Below, find the line containing "Белый БМВ X7, объемом"; from there to the final line, print every line exactly and skip the pictures.

Dataset entries

-------

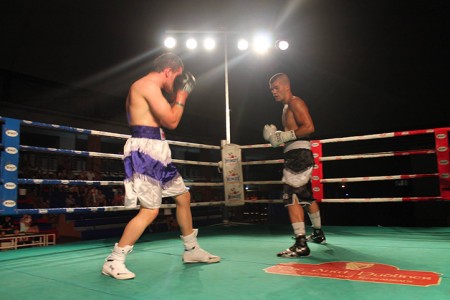 Antonio Benítez combate ante David Estrada antes de pelear por el título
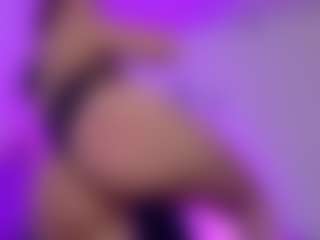 Live cam show with amyy-adams - Dildo on Camsoda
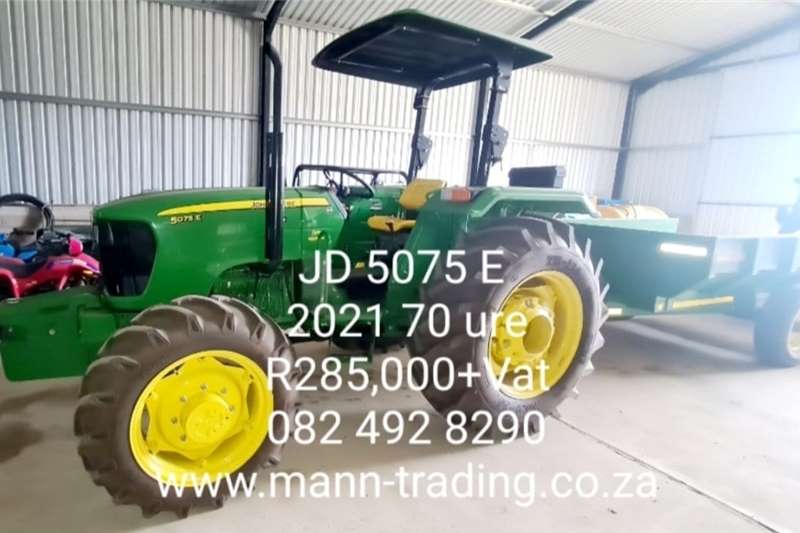 Tractors 2WD tractors John Deere 5075 E tractor 2021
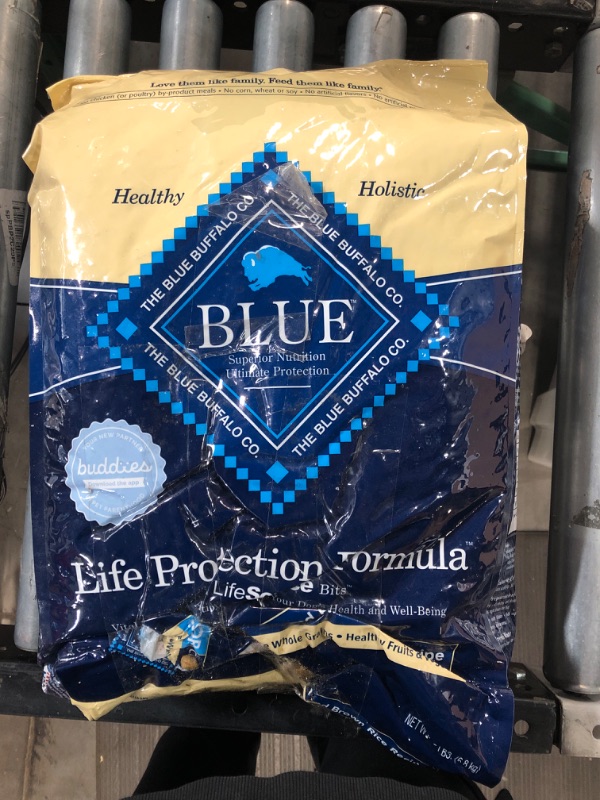 Photo 2 of (READ NOTES) Blue Buffalo Life Protection Formula Natural Senior Dry Dog Food, Chicken and Brown Rice 15-lb Dry Dog Food 15 Pound (Pack of 1)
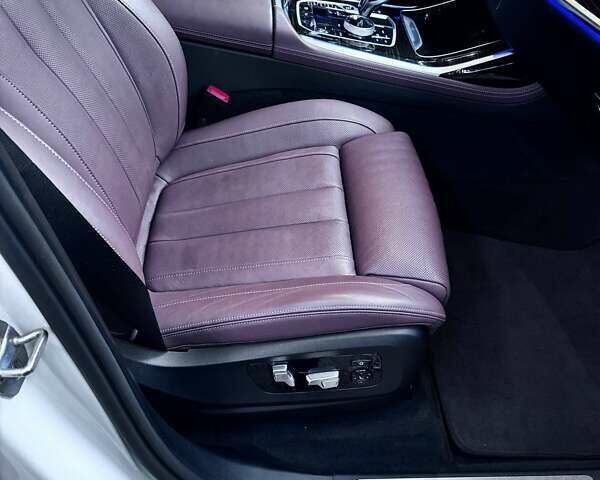 Белый БМВ X7, объемом двигателя 3 л и пробегом 156 тыс. км за 58000 $, фото 21 на Automoto.ua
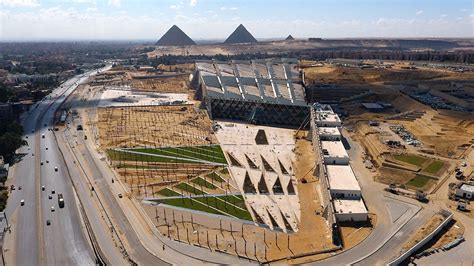The 4th Pyramid On The Giza Plateau The Grand Egyptian Museum Elmens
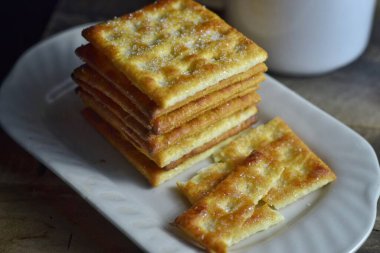 Koyu arkaplan tahtasındaki bisküvi krakeri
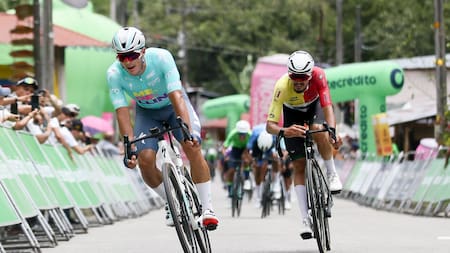 Wilmar Paredes ganó la tercera etapa del Clásico RCN 2026 y recuperó el liderato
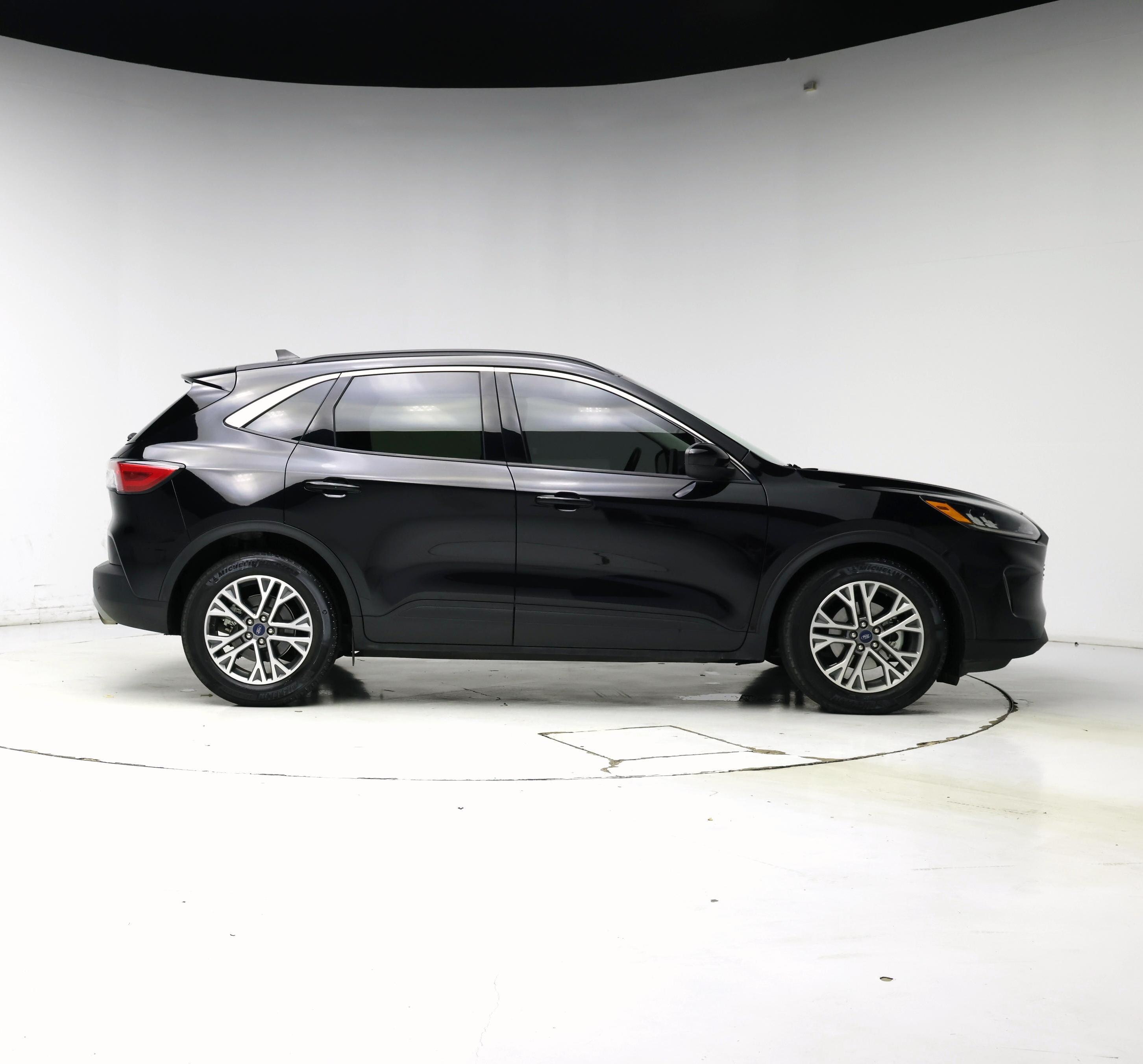 Thumbnail: 2021 Ford Escape - 7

-------

Response below
 Белый БМВ X7, объемом двигателя 3 л и пробегом 156 тыс. км за 58000 $, фото 21 на Automoto.ua
The 4th Pyramid On The Giza Plateau The Grand Egyptian Museum Elmens
 Koyu arkaplan tahtasındaki bisküvi krakeri
 Wilmar Paredes ganó la tercera etapa del Clásico RCN 2026 y recuperó el liderato
 Thumbnail: 2021 Ford Escape - 7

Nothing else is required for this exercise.